Indiana has seen a dramatic decline in its wetlands, which in turn affects other aquatic ecosystems and water quality for people. Thirty-seven percent of the watershed where Juday Creek is located was wetlands in 1829, but by 2000, wetlands accounted for less than one percent of the area. With the loss of wetlands, nutrients and sediments were unable to be filtered out, which harmed the aquatic ecosystem and the people that used the water for drinking and irrigation. Wetland losses also increased the flood risk to property and infrastructure in the area.
The loss in wetlands was in part due to Indiana’s drainage law that was enacted in 1889 and has been regularly updated. The drainage law, in general, focuses more on agriculture than protecting aquatic ecosystems. Under the law, Juday Creek was reclassified as a drainage ditch instead of its historic designation as a creek. This distinction resulted in management activities, such as dredging, wood removal, and the mowing of buffer zones that disconnected the creek from its historical channel and allowed excess nutrients and sediment to enter the waterway. Additionally, traditional erosion control measures like riprap were deflecting the problem and pushing the nutrients and sediment further downstream.
After continued management activities and development along the creek, researchers found an abrupt loss of species: the number of fish species declined from six to one. Researchers also noted an 85 to 90 percent reduction in the insect-based food sources in the stream. When the researchers presented the evidence to County officials, the officials started to scale back some of the activities. However, by that point, development in the area made it difficult for those changes to make much of an impact on the ecosystem’s health.

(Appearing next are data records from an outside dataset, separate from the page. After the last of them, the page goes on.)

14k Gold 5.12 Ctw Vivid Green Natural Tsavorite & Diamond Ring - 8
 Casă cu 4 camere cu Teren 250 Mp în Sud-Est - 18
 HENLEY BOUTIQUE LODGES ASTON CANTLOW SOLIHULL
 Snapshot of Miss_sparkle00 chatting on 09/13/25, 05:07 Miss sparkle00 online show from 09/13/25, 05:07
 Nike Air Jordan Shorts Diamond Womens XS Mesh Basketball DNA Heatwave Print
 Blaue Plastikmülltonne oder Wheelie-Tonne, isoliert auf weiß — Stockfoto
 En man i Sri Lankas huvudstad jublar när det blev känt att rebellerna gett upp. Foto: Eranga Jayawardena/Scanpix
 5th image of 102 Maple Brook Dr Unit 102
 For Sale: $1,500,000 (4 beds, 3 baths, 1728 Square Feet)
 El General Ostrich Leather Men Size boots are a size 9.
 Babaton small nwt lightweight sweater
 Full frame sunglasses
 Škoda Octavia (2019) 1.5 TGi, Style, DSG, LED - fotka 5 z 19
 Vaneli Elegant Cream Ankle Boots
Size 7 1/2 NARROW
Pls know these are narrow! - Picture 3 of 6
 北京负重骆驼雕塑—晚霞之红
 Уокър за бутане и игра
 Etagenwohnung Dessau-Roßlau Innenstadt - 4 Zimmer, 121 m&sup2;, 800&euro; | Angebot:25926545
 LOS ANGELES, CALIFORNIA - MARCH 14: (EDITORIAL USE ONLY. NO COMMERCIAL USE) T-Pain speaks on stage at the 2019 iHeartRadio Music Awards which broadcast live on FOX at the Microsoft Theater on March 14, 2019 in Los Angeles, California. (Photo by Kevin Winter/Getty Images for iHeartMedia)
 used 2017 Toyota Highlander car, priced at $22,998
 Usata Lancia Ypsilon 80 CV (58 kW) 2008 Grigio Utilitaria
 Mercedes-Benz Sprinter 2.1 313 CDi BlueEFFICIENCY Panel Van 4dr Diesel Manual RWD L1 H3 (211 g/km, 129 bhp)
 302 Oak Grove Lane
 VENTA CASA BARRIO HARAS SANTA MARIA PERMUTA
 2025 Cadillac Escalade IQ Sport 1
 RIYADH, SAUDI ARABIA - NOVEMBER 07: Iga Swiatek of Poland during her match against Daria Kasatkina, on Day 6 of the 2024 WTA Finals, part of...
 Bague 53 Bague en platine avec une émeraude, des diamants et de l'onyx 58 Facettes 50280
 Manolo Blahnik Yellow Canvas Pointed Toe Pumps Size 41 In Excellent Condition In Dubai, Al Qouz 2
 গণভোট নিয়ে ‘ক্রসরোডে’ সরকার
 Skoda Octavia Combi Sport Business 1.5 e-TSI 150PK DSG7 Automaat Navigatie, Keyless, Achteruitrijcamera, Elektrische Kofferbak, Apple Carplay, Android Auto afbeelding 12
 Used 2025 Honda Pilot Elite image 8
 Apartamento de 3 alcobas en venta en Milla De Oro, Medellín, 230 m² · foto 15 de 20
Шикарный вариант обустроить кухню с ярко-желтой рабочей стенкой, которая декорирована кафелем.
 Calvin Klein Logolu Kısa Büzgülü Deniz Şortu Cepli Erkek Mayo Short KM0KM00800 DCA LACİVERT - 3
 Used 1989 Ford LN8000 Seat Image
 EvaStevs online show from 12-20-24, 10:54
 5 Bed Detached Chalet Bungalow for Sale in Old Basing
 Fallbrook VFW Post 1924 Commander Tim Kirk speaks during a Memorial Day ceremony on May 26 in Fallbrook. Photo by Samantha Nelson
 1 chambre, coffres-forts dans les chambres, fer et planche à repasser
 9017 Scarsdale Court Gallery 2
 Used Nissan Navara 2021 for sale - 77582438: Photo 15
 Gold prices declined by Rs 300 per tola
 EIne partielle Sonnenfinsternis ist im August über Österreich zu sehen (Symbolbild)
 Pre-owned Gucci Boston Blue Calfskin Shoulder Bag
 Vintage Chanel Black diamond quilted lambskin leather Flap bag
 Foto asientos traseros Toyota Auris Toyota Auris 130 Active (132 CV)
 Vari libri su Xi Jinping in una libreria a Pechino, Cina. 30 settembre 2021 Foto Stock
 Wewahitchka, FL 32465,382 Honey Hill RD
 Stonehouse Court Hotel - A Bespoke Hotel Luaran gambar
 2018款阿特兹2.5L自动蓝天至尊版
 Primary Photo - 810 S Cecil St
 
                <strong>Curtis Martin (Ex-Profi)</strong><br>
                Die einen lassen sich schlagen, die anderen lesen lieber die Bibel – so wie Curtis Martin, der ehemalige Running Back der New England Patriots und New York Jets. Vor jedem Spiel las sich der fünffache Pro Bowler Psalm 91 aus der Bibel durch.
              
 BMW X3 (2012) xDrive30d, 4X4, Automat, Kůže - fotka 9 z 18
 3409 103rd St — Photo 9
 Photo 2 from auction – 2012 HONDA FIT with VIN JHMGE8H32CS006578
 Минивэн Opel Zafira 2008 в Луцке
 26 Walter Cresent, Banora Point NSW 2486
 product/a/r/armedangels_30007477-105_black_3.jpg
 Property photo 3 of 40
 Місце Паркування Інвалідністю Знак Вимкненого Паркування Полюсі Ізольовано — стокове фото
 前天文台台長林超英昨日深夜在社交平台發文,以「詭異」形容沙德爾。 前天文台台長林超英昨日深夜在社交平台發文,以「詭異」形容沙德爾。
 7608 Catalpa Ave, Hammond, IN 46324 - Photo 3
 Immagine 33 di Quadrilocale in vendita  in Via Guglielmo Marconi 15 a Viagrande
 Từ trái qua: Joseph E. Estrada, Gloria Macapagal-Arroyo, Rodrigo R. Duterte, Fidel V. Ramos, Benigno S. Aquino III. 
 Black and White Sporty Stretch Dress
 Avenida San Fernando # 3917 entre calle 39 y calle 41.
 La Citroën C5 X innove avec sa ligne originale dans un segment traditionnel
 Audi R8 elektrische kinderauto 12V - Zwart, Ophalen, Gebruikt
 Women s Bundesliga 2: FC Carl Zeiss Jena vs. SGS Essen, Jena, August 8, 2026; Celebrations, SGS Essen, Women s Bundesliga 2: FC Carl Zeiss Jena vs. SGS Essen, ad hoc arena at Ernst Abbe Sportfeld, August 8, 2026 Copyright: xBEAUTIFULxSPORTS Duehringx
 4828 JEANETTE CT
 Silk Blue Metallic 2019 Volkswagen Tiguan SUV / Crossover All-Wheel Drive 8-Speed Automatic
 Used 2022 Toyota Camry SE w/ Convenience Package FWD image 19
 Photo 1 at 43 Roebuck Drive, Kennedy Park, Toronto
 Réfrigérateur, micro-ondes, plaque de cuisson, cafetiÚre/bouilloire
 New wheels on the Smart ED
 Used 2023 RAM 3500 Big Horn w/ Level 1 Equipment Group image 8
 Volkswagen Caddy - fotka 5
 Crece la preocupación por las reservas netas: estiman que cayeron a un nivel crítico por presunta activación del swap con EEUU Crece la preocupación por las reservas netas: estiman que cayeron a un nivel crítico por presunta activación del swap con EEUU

To address the water quality issues in the creek, residents formed the Juday Creek Task Force. The Task Force developed goals and plans to protect the overall watershed. Specific actions included preserving and improving the creek’s populations of brown trout and other species, reducing erosion, establishing buffer strips, reducing mowing of stream side vegetation, and creating a planning process that would address future development, among others. However, once the University announced plans to develop the golf course, and the plans did not consider the aquatic ecosystem in the design, the task force reached out to Notre Dame researchers to determine what they could do to protect the aquatic ecosystem.